What you are asked to do »
Transcribe the records below word for word, leaving every picture out.

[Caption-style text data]
☆ ☆ ☆ ☆ ☆

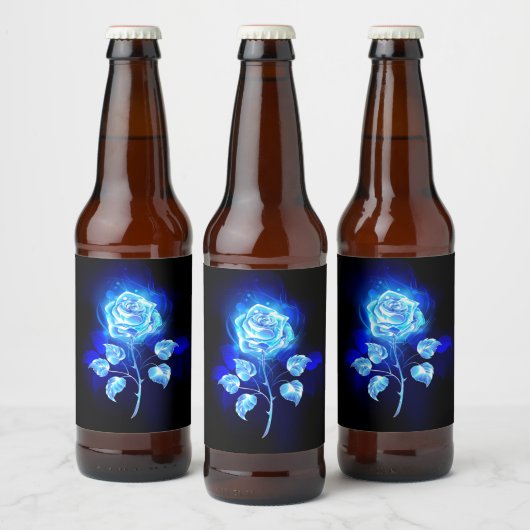 Brandende Blauwe Roos Bier Etiket (Flessen)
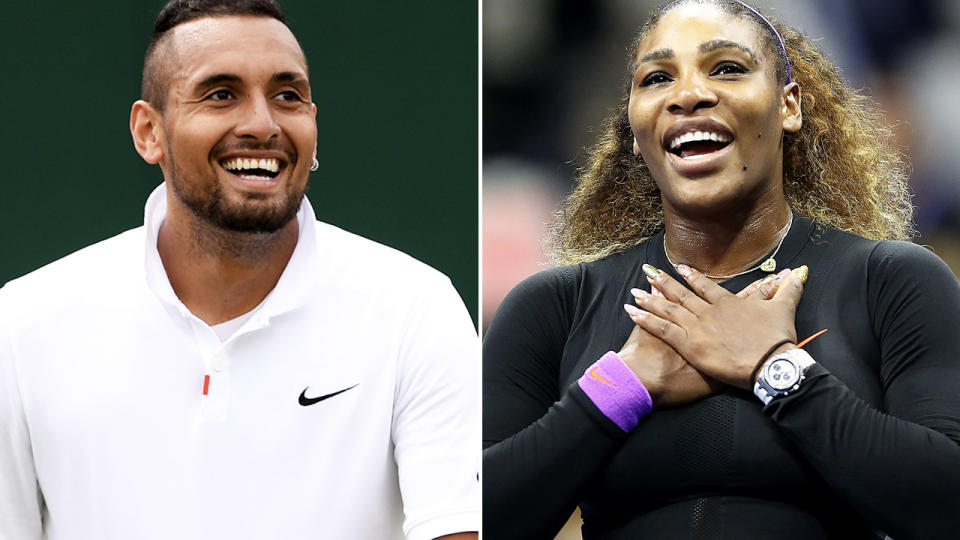 Nick Kyrgios and Serena Williams, pictured here on the tennis court.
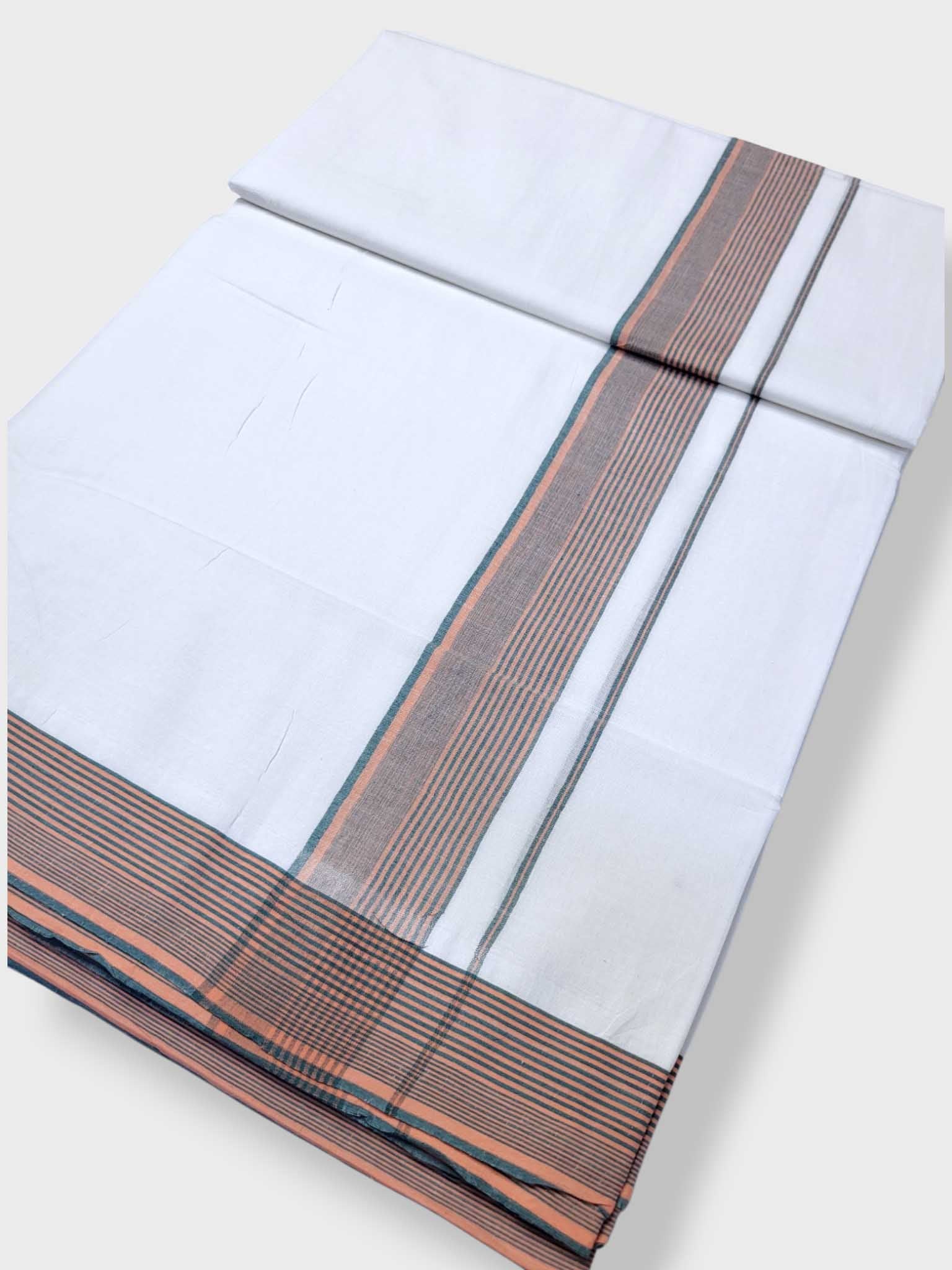 Pure White Cotton Men's Double Dhoti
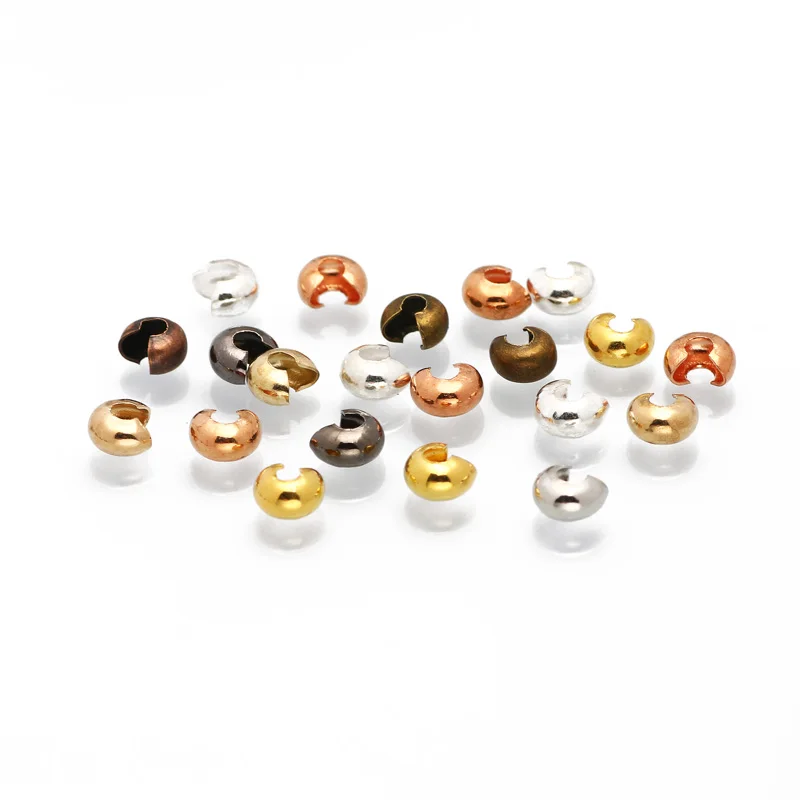 Wholesale 100pcs/lot 3-5mm Copper Round Covers Crimp End Beads Stopper Spacer Beads For DIY Jewelry Making Findings Accessories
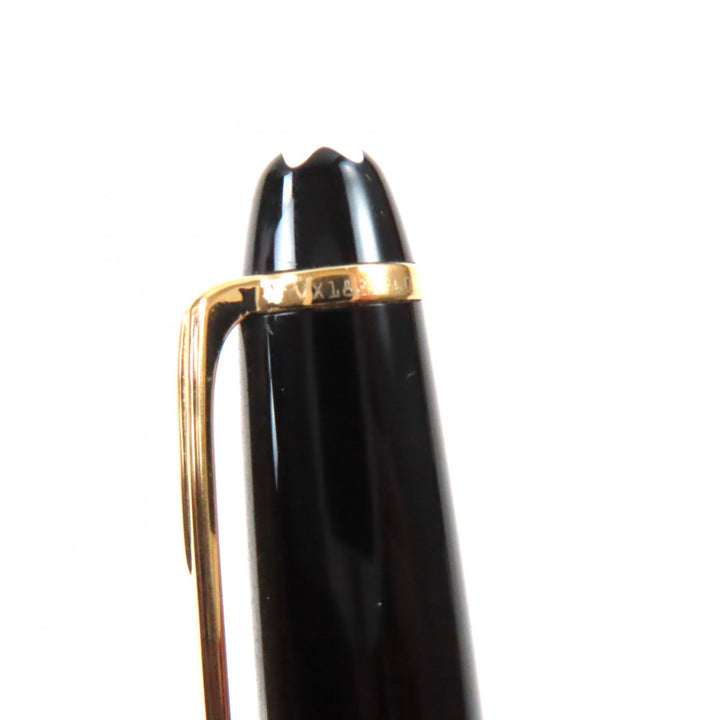 Very Good MONTBLANC fountain pen Meisterstck Classic white star Black gold 14K
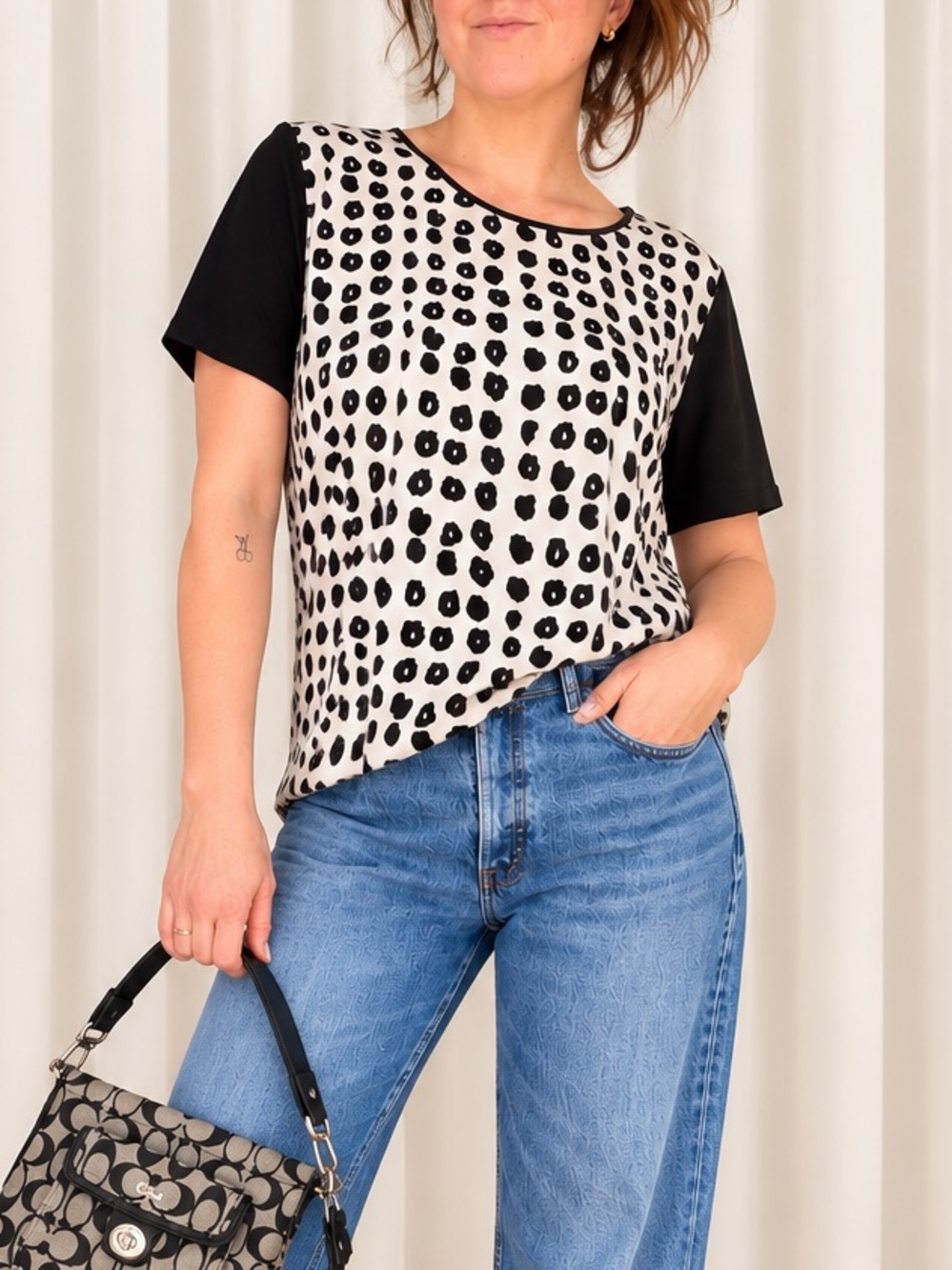 CHAUS New York Black & White Polka Dot Animal Print Top L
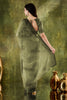 Olive Green Embroidered Designer Saree with Matching Blouse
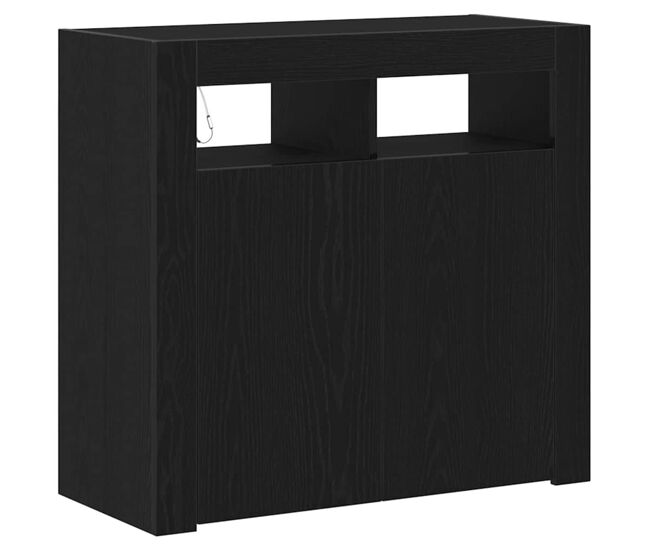Aparador - mueble de almacenamiento roble negro 80 x 35 x 75 cm madera de ingeniería es5018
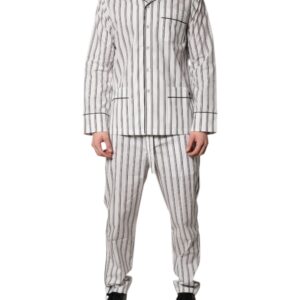 White Black Stripes Cotton Men Pajama Set Sleepwear designed by Dolce&Gabbana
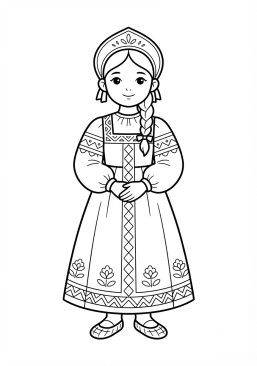 Coloriage Costume traditionnel russe sarafan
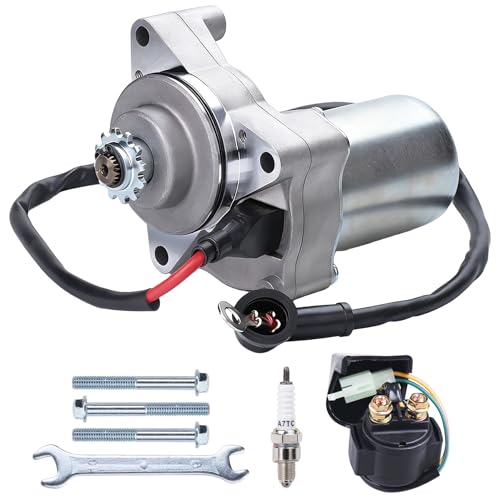 JINGKE 12 Teeth Starter Motor Starter Relay Solenoid for Tao Tao 125cc 110cc-50cc ATV Coolster Motor Four 4 Wheeler Chinese Pit Dirt Bike 4 Wheelers Go Karts Dune Buggy Sandrail Quad SSR Roketa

☆ ☆ ☆ ☆ ☆

The completed task »
 Brandende Blauwe Roos Bier Etiket (Flessen)
 Nick Kyrgios and Serena Williams, pictured here on the tennis court.
 Pure White Cotton Men's Double Dhoti
 Wholesale 100pcs/lot 3-5mm Copper Round Covers Crimp End Beads Stopper Spacer Beads For DIY Jewelry Making Findings Accessories
 Very Good MONTBLANC fountain pen Meisterstck Classic white star Black gold 14K
 CHAUS New York Black & White Polka Dot Animal Print Top L
 Olive Green Embroidered Designer Saree with Matching Blouse
Aparador - mueble de almacenamiento roble negro 80 x 35 x 75 cm madera de ingeniería es5018
 White Black Stripes Cotton Men Pajama Set Sleepwear designed by Dolce&Gabbana
 Coloriage Costume traditionnel russe sarafan
 JINGKE 12 Teeth Starter Motor Starter Relay Solenoid for Tao Tao 125cc 110cc-50cc ATV Coolster Motor Four 4 Wheeler Chinese Pit Dirt Bike 4 Wheelers Go Karts Dune Buggy Sandrail Quad SSR Roketa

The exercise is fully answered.